# Others have issues with ad insertions



## CasperImproved (Jun 20, 2009)

Mods - I know there have been a few minor grumbles about ads in the postings. 

The response has been (and no I haven't been paying a great deal of attention) that it's there when you haven't logged in.

Could you mod types explain post #2 in the jpg I am linking to (you will note I am logged in).

Thanks,

Not trying to make waves, just trying to understand why the ads are there.

Bob


----------



## Andy M. (Jun 20, 2009)

I just came back after dinner and see the ad to join DC after the first post on two different threads.

We'll figure out what's going on.


----------



## CasperImproved (Jun 20, 2009)

Thanks Andy... I just didn't expect such a quick response.. have I been paying you something I don't know about?

BTW, I'm pumping Constance's Omelets... Sounds _Delicious_

Bob


----------



## Andy M. (Jun 20, 2009)

CasperImproved said:


> ... have I been paying you something I don't know about?...

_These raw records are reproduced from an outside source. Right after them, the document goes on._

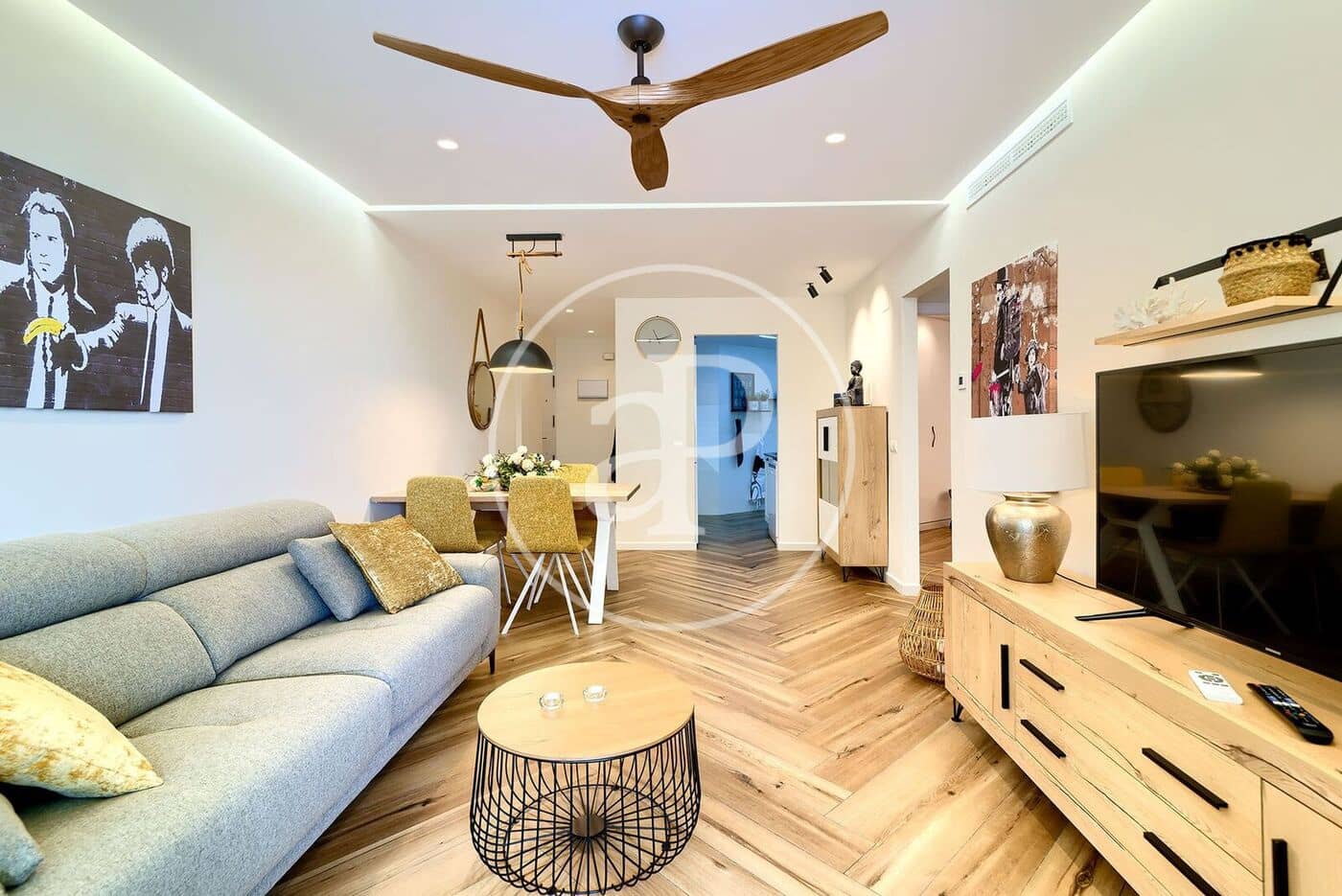 2 camera da letto Appartamento da affittare in Valencia citta con piscina - 2.200 € (Rif: 8726844)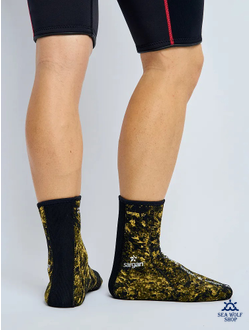 Носки неопреновые 9мм Sargan "АРГАЗИ" camo н/н р.XL-44/45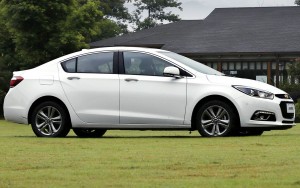 The Chevy Cruze is one of Canada’s most popular cars - it’s also cheap to insure. 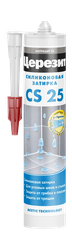 Затирка-герметик ЦЕРЕЗИТ силиконовая эластичная CS 25, 280 мл, фото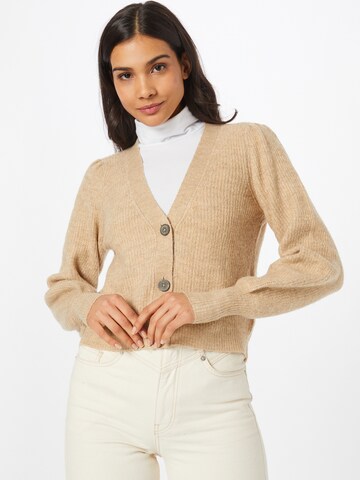 JDY Strickjacke 'Drea' in Beige: Vorderseite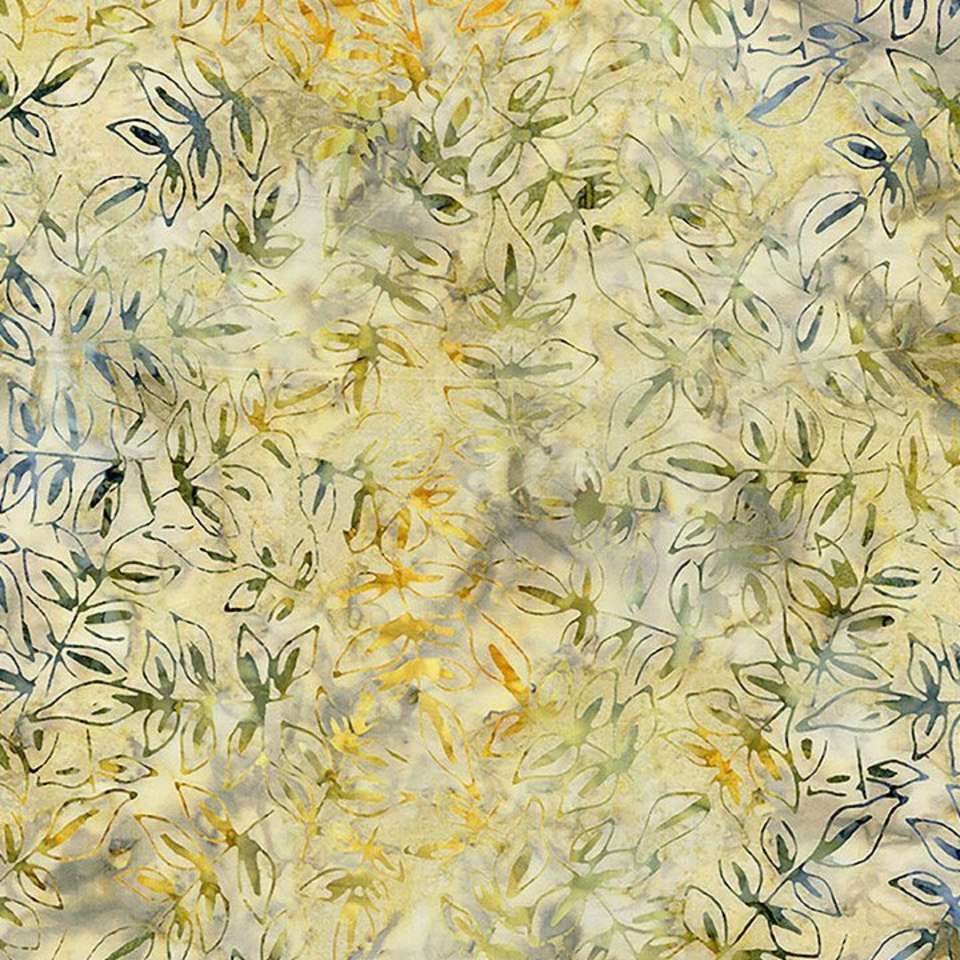 Timeless Treasures - Tonga Arabella - TONGA-B1810-HONEYSUCKLE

No you haven't, but feel free to start now.


----------



## CasperImproved (Jun 20, 2009)

Andy M. said:


> No you haven't, but feel free to start now.




Okay, next time I have something especially scrumptious, I'll take a picture of it with my cruddy old VGA picture cell phone and post it, and think nice thoughts about your efforts here. 

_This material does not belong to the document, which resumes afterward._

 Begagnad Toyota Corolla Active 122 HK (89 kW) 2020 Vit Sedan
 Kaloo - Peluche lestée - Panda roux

If it's not to fuzzy, you might even be able to tell what it is.

Don't worry too hard about the ad stuff. We know you guys will fix it. 

Your witty responses to our posts are more important.

Thanks,

Bob


----------



## Andy M. (Jun 20, 2009)

Thank you very much.  I'm here all week.  Try the veal, don't forget to tip your waitress.


----------



## Katie H (Jun 20, 2009)

Andy M. said:


> Thank you very much.  I'm here all week.  Try the veal, don't forget to tip your waitress.




Andy, you made me laugh out loud.


----------



## Andy M. (Jun 20, 2009)

Katie E said:


> Andy, you made me laugh out loud.




Happy to do so.


----------